### Assignment
For the entries below, repeat exactly each line starting with the one that contains "Humble Crew Kids" and going on through the one that contains "1908 $20 No", and no others.

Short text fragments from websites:
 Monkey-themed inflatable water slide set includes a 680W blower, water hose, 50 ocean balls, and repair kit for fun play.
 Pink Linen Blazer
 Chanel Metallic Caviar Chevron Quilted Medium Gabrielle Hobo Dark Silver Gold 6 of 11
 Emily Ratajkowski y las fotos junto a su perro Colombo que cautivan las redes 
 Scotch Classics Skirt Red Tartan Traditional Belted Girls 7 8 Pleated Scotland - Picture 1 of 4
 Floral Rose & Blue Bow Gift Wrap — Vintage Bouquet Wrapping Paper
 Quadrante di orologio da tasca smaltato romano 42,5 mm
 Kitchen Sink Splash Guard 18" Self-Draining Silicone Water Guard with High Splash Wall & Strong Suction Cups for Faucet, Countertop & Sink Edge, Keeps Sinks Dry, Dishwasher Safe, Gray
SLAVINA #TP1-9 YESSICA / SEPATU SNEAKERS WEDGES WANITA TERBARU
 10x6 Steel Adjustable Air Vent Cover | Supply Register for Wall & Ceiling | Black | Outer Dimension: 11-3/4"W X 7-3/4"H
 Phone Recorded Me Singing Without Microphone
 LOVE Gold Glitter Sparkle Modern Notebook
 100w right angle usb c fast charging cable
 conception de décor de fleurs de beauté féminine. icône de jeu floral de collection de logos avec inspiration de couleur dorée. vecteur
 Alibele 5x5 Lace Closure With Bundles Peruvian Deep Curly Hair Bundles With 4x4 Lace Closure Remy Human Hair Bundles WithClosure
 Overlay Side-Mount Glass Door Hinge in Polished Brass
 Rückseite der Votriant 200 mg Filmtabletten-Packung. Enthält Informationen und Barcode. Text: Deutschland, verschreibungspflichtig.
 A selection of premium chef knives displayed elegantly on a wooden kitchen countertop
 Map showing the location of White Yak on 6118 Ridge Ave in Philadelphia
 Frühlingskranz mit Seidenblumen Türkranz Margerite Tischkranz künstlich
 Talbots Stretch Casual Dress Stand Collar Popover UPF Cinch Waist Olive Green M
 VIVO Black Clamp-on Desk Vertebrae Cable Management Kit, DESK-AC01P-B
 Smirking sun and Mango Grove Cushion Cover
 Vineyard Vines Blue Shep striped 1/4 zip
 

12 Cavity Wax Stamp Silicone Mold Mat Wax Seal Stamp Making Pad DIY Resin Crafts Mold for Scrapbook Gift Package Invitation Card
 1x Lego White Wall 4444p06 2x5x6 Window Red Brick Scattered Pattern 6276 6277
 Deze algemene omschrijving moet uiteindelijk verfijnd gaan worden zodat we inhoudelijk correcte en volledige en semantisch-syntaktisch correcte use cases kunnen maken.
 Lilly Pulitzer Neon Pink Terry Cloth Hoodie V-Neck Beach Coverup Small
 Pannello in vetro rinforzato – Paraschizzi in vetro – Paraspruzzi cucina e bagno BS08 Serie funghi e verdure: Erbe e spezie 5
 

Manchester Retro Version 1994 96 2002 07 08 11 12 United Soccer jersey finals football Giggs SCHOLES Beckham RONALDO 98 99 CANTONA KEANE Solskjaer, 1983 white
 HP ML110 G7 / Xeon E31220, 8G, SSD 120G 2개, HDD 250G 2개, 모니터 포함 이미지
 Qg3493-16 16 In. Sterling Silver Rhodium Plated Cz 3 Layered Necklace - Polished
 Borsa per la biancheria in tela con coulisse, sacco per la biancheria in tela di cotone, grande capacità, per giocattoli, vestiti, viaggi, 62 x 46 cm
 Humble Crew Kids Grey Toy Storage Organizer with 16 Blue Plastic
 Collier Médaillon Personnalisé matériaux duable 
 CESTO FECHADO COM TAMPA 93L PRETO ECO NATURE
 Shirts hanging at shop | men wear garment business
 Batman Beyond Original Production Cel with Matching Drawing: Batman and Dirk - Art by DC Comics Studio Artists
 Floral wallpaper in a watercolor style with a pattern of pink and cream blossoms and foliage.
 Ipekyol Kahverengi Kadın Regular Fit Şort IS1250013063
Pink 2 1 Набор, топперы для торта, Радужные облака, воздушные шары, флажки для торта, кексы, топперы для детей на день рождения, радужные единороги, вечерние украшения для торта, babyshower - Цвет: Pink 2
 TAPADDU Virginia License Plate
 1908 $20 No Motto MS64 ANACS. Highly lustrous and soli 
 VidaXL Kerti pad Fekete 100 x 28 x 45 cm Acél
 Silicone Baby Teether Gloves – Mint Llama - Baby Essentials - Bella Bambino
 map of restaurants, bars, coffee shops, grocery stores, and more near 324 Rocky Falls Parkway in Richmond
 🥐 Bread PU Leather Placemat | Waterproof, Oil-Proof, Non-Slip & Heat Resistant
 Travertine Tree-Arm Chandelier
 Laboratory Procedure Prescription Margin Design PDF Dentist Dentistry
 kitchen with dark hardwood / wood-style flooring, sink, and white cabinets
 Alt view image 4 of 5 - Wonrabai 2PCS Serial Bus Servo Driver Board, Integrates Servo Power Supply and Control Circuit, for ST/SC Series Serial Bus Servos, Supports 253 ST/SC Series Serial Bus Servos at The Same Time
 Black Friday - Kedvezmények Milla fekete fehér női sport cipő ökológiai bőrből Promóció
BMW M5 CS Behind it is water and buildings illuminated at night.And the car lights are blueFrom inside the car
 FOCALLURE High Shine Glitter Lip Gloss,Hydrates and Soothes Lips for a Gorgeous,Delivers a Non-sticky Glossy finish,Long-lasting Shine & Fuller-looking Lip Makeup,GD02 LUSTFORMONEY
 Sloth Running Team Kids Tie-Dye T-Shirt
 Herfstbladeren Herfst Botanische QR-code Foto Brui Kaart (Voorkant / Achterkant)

### Answer section
 Humble Crew Kids Grey Toy Storage Organizer with 16 Blue Plastic
 Collier Médaillon Personnalisé matériaux duable 
 CESTO FECHADO COM TAMPA 93L PRETO ECO NATURE
 Shirts hanging at shop | men wear garment business
 Batman Beyond Original Production Cel with Matching Drawing: Batman and Dirk - Art by DC Comics Studio Artists
 Floral wallpaper in a watercolor style with a pattern of pink and cream blossoms and foliage.
 Ipekyol Kahverengi Kadın Regular Fit Şort IS1250013063
Pink 2 1 Набор, топперы для торта, Радужные облака, воздушные шары, флажки для торта, кексы, топперы для детей на день рождения, радужные единороги, вечерние украшения для торта, babyshower - Цвет: Pink 2
 TAPADDU Virginia License Plate
 1908 $20 No Motto MS64 ANACS. Highly lustrous and soli 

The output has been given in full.